TO DO: Starting with the line that contains "several large blue" and stopping after the line that contains "rider resting on", return each line below exactly as written, with no others.

Extracted data entries:
______

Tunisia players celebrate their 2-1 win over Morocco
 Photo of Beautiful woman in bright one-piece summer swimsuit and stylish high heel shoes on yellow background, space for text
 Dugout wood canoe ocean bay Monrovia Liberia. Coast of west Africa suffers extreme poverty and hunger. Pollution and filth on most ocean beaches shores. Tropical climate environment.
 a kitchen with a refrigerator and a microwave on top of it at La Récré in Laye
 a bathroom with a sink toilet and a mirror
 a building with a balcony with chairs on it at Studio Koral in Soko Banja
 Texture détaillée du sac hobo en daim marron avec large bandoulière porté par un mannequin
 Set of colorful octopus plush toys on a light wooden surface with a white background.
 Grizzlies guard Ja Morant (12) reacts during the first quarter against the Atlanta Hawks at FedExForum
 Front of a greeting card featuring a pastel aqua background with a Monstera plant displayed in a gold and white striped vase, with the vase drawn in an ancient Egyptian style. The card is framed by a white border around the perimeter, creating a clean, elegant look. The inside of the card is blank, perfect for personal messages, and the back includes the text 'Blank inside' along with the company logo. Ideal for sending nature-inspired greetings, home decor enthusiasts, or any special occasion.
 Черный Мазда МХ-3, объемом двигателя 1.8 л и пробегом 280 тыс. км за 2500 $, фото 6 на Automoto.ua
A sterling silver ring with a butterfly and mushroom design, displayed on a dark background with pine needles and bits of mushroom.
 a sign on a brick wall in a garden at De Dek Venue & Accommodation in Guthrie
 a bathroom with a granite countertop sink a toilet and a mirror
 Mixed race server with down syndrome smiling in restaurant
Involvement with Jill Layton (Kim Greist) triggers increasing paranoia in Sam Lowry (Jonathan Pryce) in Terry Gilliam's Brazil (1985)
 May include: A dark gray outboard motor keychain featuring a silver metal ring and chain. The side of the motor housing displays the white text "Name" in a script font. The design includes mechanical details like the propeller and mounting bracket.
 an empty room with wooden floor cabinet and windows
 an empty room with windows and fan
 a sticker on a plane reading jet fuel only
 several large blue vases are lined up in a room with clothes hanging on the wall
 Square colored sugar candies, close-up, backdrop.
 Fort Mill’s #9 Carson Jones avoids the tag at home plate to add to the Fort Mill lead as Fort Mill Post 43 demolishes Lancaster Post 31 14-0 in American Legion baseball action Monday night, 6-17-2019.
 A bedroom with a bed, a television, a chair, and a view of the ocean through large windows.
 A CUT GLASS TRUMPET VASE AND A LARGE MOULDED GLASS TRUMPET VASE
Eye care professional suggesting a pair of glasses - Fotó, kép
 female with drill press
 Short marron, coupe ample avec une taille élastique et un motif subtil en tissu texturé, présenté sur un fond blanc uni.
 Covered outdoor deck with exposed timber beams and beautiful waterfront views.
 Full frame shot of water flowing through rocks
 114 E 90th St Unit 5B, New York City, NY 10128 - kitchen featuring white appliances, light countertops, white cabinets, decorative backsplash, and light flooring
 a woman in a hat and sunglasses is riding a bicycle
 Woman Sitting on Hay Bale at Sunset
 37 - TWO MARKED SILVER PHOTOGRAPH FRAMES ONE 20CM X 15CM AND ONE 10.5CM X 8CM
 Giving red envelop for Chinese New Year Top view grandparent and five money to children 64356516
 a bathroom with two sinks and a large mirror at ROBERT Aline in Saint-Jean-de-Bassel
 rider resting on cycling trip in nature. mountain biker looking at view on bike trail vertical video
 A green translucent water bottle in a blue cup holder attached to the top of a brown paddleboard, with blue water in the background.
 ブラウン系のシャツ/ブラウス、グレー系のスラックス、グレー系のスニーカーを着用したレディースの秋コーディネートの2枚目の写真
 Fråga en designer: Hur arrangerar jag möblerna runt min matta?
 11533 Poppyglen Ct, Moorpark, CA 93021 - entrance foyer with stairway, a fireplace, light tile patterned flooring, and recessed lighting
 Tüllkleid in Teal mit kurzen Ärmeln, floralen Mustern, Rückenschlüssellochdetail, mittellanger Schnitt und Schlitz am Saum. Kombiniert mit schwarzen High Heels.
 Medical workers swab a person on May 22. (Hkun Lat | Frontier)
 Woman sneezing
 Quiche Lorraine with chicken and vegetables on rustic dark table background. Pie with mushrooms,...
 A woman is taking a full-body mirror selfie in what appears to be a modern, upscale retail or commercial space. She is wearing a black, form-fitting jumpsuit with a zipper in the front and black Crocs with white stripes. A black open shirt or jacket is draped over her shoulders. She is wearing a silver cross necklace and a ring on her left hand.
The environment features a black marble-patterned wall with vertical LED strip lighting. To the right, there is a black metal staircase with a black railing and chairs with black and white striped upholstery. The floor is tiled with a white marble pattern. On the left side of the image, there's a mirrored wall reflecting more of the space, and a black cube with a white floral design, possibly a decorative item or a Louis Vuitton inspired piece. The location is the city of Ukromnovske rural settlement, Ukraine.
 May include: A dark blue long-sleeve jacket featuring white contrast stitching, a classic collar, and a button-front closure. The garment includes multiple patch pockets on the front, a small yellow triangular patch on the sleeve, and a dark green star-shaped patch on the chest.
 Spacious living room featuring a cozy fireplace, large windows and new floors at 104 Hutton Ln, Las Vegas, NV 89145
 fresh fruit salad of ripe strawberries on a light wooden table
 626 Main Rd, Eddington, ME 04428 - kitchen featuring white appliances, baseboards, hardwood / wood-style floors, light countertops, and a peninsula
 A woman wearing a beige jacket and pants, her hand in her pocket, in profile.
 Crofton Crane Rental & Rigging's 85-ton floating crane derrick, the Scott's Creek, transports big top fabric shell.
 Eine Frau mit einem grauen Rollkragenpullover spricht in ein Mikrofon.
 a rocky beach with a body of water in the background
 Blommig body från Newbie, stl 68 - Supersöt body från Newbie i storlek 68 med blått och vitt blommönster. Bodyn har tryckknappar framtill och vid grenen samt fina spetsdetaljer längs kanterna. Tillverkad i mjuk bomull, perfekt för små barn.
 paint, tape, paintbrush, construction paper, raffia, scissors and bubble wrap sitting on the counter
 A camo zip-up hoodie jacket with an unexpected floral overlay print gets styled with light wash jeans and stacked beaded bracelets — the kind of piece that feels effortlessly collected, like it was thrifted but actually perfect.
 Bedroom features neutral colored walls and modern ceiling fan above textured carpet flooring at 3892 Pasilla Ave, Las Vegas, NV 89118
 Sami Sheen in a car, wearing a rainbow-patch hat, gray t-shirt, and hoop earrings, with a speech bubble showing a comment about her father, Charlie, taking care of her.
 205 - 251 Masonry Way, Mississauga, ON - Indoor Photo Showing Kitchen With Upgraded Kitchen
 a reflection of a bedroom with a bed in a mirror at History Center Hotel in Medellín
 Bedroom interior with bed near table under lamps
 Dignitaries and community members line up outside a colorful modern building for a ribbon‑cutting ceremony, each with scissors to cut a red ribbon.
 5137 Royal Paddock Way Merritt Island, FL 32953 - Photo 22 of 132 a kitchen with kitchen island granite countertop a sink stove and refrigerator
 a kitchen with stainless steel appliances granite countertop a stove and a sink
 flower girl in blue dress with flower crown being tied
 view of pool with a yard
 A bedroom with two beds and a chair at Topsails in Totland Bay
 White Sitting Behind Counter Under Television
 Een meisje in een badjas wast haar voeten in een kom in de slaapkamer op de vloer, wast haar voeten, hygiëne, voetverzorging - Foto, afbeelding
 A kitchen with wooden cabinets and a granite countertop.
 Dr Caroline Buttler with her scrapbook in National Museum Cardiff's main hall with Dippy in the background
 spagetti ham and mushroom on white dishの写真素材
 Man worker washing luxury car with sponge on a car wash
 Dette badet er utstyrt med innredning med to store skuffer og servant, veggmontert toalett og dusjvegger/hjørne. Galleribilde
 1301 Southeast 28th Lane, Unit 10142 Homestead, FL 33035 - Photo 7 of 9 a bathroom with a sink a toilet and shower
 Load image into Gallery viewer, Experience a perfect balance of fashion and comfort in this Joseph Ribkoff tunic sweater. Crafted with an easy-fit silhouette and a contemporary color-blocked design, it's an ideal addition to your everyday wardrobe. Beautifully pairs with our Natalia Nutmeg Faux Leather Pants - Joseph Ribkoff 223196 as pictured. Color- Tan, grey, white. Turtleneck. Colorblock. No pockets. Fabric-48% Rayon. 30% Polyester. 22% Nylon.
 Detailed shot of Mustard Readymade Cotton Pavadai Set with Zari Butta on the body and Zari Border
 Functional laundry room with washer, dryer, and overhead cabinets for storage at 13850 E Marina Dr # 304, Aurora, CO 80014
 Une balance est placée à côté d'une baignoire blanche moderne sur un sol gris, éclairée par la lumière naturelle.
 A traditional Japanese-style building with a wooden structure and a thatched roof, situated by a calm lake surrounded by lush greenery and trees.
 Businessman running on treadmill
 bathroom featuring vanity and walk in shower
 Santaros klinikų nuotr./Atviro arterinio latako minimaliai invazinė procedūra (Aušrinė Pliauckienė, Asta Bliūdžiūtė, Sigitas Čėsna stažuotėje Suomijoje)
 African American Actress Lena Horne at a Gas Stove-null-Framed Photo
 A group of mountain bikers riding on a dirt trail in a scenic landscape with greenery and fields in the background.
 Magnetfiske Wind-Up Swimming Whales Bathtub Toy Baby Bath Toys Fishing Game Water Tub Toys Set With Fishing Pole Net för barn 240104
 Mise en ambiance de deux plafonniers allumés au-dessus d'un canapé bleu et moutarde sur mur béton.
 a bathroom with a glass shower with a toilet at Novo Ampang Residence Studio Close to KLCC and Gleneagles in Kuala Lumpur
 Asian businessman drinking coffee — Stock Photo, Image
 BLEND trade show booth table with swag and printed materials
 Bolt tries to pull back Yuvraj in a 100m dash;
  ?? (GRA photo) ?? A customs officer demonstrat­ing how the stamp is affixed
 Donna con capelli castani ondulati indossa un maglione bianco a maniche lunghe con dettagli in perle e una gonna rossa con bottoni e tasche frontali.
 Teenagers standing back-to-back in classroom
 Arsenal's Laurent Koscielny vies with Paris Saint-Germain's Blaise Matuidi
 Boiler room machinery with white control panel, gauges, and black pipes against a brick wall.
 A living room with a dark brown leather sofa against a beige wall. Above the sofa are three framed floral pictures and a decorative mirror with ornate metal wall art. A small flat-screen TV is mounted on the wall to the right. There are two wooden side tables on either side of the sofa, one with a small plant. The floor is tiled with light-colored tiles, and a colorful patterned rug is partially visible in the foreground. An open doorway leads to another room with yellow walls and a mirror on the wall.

______

COMPLETED TASK:
 several large blue vases are lined up in a room with clothes hanging on the wall
 Square colored sugar candies, close-up, backdrop.
 Fort Mill’s #9 Carson Jones avoids the tag at home plate to add to the Fort Mill lead as Fort Mill Post 43 demolishes Lancaster Post 31 14-0 in American Legion baseball action Monday night, 6-17-2019.
 A bedroom with a bed, a television, a chair, and a view of the ocean through large windows.
 A CUT GLASS TRUMPET VASE AND A LARGE MOULDED GLASS TRUMPET VASE
Eye care professional suggesting a pair of glasses - Fotó, kép
 female with drill press
 Short marron, coupe ample avec une taille élastique et un motif subtil en tissu texturé, présenté sur un fond blanc uni.
 Covered outdoor deck with exposed timber beams and beautiful waterfront views.
 Full frame shot of water flowing through rocks
 114 E 90th St Unit 5B, New York City, NY 10128 - kitchen featuring white appliances, light countertops, white cabinets, decorative backsplash, and light flooring
 a woman in a hat and sunglasses is riding a bicycle
 Woman Sitting on Hay Bale at Sunset
 37 - TWO MARKED SILVER PHOTOGRAPH FRAMES ONE 20CM X 15CM AND ONE 10.5CM X 8CM
 Giving red envelop for Chinese New Year Top view grandparent and five money to children 64356516
 a bathroom with two sinks and a large mirror at ROBERT Aline in Saint-Jean-de-Bassel
 rider resting on cycling trip in nature. mountain biker looking at view on bike trail vertical video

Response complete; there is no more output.